Lately I’ve been seeing reinterpretations of the European plague as a kind of social harrowing that broke up rigid controls by small kingdoms and religious orders. New religious orders appeared. (I’ve always loved the Cistercians, who formed at this time to put land back into crops and always built their monasteries right on top of mountain streams so that they could channel clean water in and filth out. A rigorous bunch.) There is even the suggestion that the plague indirectly caused the Renaissance by making people anxious to find new ways, to learn new things. It took a century or so to flower.

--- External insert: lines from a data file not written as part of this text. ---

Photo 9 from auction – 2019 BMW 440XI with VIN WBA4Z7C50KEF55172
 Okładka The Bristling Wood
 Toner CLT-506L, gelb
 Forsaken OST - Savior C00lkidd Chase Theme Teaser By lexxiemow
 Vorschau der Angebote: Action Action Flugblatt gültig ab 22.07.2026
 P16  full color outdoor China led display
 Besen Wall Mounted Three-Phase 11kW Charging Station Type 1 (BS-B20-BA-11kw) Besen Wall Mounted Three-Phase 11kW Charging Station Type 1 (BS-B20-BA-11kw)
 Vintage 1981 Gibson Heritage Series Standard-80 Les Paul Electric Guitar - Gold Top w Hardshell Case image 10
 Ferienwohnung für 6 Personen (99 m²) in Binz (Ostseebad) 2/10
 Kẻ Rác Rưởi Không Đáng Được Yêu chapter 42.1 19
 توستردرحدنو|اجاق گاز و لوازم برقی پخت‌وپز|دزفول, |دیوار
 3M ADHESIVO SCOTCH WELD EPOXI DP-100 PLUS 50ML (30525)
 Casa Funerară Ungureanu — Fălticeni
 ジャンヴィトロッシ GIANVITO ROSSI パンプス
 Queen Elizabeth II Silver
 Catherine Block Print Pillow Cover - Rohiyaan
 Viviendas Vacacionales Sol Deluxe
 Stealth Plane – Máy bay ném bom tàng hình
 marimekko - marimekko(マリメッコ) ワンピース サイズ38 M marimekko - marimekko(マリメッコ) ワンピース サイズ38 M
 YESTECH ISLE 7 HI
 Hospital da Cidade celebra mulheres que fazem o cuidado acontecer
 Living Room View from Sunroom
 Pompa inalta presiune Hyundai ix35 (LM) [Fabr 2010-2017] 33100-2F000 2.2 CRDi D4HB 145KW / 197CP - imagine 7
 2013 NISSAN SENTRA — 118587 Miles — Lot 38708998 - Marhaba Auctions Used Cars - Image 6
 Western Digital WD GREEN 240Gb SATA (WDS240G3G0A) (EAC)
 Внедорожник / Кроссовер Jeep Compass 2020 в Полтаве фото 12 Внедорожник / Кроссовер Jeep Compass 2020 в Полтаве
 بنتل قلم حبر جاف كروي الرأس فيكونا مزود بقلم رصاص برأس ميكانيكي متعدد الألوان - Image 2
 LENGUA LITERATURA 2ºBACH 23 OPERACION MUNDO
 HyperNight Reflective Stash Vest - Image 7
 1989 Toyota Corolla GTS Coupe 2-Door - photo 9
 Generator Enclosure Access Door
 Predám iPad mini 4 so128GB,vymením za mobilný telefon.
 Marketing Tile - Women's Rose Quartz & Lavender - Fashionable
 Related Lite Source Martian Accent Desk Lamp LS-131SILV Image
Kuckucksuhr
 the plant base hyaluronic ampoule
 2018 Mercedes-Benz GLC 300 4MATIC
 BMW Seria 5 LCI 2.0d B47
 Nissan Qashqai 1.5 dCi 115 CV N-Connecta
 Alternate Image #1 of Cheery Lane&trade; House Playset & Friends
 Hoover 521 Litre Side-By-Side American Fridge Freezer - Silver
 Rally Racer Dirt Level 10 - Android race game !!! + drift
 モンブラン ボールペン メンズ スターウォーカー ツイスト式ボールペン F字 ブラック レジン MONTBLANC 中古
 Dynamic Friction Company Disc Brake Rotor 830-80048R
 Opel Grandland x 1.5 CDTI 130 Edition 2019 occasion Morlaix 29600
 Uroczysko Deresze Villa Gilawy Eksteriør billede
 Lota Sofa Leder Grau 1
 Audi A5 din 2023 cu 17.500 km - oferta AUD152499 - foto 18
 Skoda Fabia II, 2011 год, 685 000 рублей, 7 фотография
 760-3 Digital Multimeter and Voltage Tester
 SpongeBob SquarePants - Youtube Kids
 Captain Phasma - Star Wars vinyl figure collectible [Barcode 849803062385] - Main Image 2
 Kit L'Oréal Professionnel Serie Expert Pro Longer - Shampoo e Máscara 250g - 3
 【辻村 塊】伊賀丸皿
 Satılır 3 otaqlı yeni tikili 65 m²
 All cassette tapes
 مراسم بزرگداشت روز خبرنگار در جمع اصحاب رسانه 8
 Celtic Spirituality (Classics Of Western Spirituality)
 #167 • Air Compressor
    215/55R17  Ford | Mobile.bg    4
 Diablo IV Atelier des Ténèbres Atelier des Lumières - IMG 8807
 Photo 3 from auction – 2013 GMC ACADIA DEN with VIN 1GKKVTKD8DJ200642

A Blackft renaissance may be on the way now. It doesn’t happen overnight. One of the most interesting phenomena is that so many youngsters see the value of college and their goal, when they finish school, is to return to the reservation to help their people. It’s not lip service. They’re doing it. Some did it twenty years ago. They don’t make a big fuss -- they just get to work.